**Your task**
Both the line below containing "HI002 – HOME" and the line containing "BQCO6-65 for 13-17", along with every line between them, should be repeated exactly; no other line belongs in the answer.

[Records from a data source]
----

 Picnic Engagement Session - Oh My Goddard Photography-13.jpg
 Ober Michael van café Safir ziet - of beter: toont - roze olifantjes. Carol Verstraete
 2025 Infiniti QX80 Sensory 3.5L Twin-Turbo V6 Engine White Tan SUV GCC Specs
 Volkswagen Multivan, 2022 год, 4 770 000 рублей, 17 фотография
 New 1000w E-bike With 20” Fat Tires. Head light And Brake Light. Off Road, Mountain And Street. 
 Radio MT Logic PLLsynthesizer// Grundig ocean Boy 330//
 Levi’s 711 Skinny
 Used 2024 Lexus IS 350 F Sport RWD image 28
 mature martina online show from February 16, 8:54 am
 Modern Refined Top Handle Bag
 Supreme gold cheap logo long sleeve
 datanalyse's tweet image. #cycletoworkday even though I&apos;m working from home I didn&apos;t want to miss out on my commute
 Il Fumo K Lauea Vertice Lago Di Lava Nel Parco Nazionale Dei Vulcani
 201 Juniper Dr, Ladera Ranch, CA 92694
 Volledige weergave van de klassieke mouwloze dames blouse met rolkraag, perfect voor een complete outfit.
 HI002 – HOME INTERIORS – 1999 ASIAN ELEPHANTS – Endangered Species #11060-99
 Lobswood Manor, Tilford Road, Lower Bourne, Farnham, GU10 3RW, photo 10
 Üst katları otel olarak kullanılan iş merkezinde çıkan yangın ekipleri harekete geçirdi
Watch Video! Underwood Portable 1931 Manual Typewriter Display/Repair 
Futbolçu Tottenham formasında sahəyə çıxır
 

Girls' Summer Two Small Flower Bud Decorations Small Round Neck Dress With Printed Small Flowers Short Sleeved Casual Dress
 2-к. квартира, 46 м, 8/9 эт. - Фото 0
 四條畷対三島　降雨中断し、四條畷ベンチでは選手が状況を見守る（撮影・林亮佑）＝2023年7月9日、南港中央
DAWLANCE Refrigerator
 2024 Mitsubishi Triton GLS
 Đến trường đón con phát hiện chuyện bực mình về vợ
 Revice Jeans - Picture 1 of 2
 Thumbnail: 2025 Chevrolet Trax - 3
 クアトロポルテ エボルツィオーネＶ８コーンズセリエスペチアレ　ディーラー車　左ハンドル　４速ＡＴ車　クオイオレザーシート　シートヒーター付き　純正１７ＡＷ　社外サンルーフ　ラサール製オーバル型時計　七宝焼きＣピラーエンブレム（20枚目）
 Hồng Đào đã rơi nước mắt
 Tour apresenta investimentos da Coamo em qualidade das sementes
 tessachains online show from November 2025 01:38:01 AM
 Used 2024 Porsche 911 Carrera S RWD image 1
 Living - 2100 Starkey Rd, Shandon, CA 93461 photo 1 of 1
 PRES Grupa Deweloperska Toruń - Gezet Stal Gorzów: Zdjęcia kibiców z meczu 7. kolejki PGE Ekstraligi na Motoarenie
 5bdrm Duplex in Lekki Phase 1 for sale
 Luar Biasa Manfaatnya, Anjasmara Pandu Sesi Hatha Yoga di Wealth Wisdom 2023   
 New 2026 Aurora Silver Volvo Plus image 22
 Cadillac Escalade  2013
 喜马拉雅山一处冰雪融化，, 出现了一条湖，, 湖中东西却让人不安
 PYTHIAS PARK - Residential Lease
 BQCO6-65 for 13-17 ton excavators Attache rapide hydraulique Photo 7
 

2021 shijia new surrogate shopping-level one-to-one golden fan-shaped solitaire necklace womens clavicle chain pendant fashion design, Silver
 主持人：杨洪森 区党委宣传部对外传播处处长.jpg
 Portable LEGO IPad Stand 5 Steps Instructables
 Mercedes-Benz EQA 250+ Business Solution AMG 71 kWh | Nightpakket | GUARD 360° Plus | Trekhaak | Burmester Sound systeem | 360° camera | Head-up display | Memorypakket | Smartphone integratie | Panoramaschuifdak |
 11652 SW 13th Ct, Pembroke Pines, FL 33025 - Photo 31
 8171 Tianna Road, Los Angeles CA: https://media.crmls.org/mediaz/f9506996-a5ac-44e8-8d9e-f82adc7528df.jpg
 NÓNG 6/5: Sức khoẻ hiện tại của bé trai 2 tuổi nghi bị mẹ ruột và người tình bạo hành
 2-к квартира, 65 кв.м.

----

**Output for this task**
 HI002 – HOME INTERIORS – 1999 ASIAN ELEPHANTS – Endangered Species #11060-99
 Lobswood Manor, Tilford Road, Lower Bourne, Farnham, GU10 3RW, photo 10
 Üst katları otel olarak kullanılan iş merkezinde çıkan yangın ekipleri harekete geçirdi
Watch Video! Underwood Portable 1931 Manual Typewriter Display/Repair 
Futbolçu Tottenham formasında sahəyə çıxır
 

Girls' Summer Two Small Flower Bud Decorations Small Round Neck Dress With Printed Small Flowers Short Sleeved Casual Dress
 2-к. квартира, 46 м, 8/9 эт. - Фото 0
 四條畷対三島　降雨中断し、四條畷ベンチでは選手が状況を見守る（撮影・林亮佑）＝2023年7月9日、南港中央
DAWLANCE Refrigerator
 2024 Mitsubishi Triton GLS
 Đến trường đón con phát hiện chuyện bực mình về vợ
 Revice Jeans - Picture 1 of 2
 Thumbnail: 2025 Chevrolet Trax - 3
 クアトロポルテ エボルツィオーネＶ８コーンズセリエスペチアレ　ディーラー車　左ハンドル　４速ＡＴ車　クオイオレザーシート　シートヒーター付き　純正１７ＡＷ　社外サンルーフ　ラサール製オーバル型時計　七宝焼きＣピラーエンブレム（20枚目）
 Hồng Đào đã rơi nước mắt
 Tour apresenta investimentos da Coamo em qualidade das sementes
 tessachains online show from November 2025 01:38:01 AM
 Used 2024 Porsche 911 Carrera S RWD image 1
 Living - 2100 Starkey Rd, Shandon, CA 93461 photo 1 of 1
 PRES Grupa Deweloperska Toruń - Gezet Stal Gorzów: Zdjęcia kibiców z meczu 7. kolejki PGE Ekstraligi na Motoarenie
 5bdrm Duplex in Lekki Phase 1 for sale
 Luar Biasa Manfaatnya, Anjasmara Pandu Sesi Hatha Yoga di Wealth Wisdom 2023   
 New 2026 Aurora Silver Volvo Plus image 22
 Cadillac Escalade  2013
 喜马拉雅山一处冰雪融化，, 出现了一条湖，, 湖中东西却让人不安
 PYTHIAS PARK - Residential Lease
 BQCO6-65 for 13-17 ton excavators Attache rapide hydraulique Photo 7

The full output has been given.